A commission majority of Ted Schrader, Kathryn Starkey and Pat Mulieri gave Baker high marks with all three listing her performance as exceeding expectations in professional skills, relationships with commissioners and the community, financial management, supervising staff and executing board policies.
Not so with Commissioners Henry Wilson and Jack Mariano, who looked to scapegoat Baker for their own political performances. Wilson, who lost his re-election bid in the Aug. 26 primary, voted against hiring Baker last year and continued his contention throughout his campaign that the county would have benefitted from hiring an outsider.

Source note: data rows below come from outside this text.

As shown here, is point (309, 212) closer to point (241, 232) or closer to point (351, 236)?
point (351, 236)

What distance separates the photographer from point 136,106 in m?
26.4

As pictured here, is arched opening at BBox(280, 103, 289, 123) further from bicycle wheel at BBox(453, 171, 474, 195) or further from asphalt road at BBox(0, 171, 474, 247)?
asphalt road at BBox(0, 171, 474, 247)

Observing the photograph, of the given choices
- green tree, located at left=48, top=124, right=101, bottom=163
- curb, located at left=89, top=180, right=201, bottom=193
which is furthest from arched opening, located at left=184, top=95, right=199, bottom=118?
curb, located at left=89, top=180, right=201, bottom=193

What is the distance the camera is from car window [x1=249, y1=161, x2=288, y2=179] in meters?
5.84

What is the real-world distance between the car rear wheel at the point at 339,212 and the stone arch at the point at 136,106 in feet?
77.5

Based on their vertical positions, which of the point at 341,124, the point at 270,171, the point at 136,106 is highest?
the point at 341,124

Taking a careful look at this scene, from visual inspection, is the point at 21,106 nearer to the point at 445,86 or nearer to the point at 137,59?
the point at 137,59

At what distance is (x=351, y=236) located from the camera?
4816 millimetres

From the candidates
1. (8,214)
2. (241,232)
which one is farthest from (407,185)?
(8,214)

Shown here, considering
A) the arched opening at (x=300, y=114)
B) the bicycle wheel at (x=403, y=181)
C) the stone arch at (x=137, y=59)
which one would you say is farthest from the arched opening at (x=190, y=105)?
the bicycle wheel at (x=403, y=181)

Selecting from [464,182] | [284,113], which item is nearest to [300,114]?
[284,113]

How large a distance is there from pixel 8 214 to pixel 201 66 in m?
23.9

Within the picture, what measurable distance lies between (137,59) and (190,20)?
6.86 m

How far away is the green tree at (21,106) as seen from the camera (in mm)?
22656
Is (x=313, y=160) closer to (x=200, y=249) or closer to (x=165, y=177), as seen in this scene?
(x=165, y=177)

In a July 18 interview with the Tampa Bay Times editorial board, Wilson said, "Do I think she (Baker) is doing a good job? Yes. Do I think we still should have gone out for somebody else? Yes.''
Yet, a few weeks later, Wilson scored Baker brutally, saying she failed to meet expectations in 16 of 30 categories and gave her an overall score of 2.6 out of 5, below the threshold of "meets expectations.'' Imagine her scores if Wilson had thought she was doing a poor job. Wilson remains in office until after the Nov. 4 general election, and on Tuesday, he correctly based Baker's salary for the coming year on performance, not on her home-grown resume. The commission unanimously gave Baker a one-time $10,000 raise, increasing her salary to $180,000.
Mariano, who complimented Baker publicly Tuesday on her worth ethic and energy level, was much more generous than Wilson in his written scoring, giving Baker an average rating of 3.7 out of 5. But, he also criticized her for issues in which he came up on the losing end of commission votes including developing SunWest Park and adding lacrosse fields to the Wesley Chapel District Park. It's not Baker's job to ensure Mariano's pet issues are favored by a board majority. It's Mariano's chore to persuade two other commissioners to vote with him.

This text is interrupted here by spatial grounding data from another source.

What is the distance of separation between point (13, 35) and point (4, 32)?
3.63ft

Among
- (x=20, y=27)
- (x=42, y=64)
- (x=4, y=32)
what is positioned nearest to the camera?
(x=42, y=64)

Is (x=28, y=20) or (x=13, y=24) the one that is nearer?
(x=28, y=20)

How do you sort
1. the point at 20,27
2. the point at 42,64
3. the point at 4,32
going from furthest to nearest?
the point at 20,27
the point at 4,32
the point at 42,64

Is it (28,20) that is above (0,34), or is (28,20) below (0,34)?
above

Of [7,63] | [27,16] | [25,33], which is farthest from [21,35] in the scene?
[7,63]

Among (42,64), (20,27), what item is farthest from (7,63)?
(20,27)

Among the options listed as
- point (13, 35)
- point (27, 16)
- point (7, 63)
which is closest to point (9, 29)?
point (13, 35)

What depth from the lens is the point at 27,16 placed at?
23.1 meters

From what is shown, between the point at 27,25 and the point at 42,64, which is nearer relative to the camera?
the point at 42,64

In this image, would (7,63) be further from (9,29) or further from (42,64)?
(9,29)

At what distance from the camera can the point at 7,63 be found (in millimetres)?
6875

More disturbing was Mariano's contention that Baker should have killed a proposed gasoline tax increase without a public vote by commissioners and she also should have quashed a proposed privately built and operated state toll road "months earlier — (it) caused a lot of stress and distrust that continues today.''
What nonsense. The proposed gas tax was a policy issue that demanded commission attention. Likewise, the state pulled the plug on the toll road plan in May, five months after Mariano joined a unanimous commission in voting to continue a feasibility study for the highway. That vote came at the request of the Florida Department of Transportation, which wanted to know if the commissioners supported the project. Mariano had his chance then to kill the highway plan and chose not to do so. How is that Baker's fault?
Baker earned her raise, but providing political cover to commissioners shouldn't be part of her job description.